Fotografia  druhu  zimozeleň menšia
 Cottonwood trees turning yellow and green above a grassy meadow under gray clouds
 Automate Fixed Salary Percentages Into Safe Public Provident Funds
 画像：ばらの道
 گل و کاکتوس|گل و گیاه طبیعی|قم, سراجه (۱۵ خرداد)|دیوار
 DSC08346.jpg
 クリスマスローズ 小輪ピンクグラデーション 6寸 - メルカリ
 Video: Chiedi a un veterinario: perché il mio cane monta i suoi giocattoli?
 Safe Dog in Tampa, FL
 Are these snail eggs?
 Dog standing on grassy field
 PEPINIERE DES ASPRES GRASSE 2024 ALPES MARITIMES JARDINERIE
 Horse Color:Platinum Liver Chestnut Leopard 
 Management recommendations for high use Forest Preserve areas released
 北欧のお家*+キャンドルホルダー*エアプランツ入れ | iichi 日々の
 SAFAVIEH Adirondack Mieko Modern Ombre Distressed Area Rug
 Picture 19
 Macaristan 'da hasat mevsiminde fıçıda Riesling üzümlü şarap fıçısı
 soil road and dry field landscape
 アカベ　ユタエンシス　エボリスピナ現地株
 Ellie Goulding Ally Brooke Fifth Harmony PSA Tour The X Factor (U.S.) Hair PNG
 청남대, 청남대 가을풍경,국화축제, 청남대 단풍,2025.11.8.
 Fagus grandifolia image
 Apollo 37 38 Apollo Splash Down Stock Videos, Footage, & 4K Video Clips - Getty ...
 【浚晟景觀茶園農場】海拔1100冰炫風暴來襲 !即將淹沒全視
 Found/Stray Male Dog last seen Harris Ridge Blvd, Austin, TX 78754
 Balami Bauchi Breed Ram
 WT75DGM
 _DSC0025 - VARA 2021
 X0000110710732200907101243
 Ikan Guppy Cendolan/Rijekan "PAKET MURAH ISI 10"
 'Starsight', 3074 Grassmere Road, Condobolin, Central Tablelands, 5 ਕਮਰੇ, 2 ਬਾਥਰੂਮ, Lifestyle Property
========
• [What to produce]
The lines from the one with "北欧のお家*+キャンドルホルダー*エアプランツ入れ | iichi 日々の" through the end of the data above are to be set down exactly, with both boundary lines included and no other lines.

• [Task result]
 北欧のお家*+キャンドルホルダー*エアプランツ入れ | iichi 日々の
 SAFAVIEH Adirondack Mieko Modern Ombre Distressed Area Rug
 Picture 19
 Macaristan 'da hasat mevsiminde fıçıda Riesling üzümlü şarap fıçısı
 soil road and dry field landscape
 アカベ　ユタエンシス　エボリスピナ現地株
 Ellie Goulding Ally Brooke Fifth Harmony PSA Tour The X Factor (U.S.) Hair PNG
 청남대, 청남대 가을풍경,국화축제, 청남대 단풍,2025.11.8.
 Fagus grandifolia image
 Apollo 37 38 Apollo Splash Down Stock Videos, Footage, & 4K Video Clips - Getty ...
 【浚晟景觀茶園農場】海拔1100冰炫風暴來襲 !即將淹沒全視
 Found/Stray Male Dog last seen Harris Ridge Blvd, Austin, TX 78754
 Balami Bauchi Breed Ram
 WT75DGM
 _DSC0025 - VARA 2021
 X0000110710732200907101243
 Ikan Guppy Cendolan/Rijekan "PAKET MURAH ISI 10"
 'Starsight', 3074 Grassmere Road, Condobolin, Central Tablelands, 5 ਕਮਰੇ, 2 ਬਾਥਰੂਮ, Lifestyle Property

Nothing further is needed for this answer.